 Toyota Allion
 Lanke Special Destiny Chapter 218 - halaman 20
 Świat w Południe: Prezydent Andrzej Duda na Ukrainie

Problem statement: Retype the whole listing above exactly.

Response area:
 Toyota Allion
 Lanke Special Destiny Chapter 218 - halaman 20
 Świat w Południe: Prezydent Andrzej Duda na Ukrainie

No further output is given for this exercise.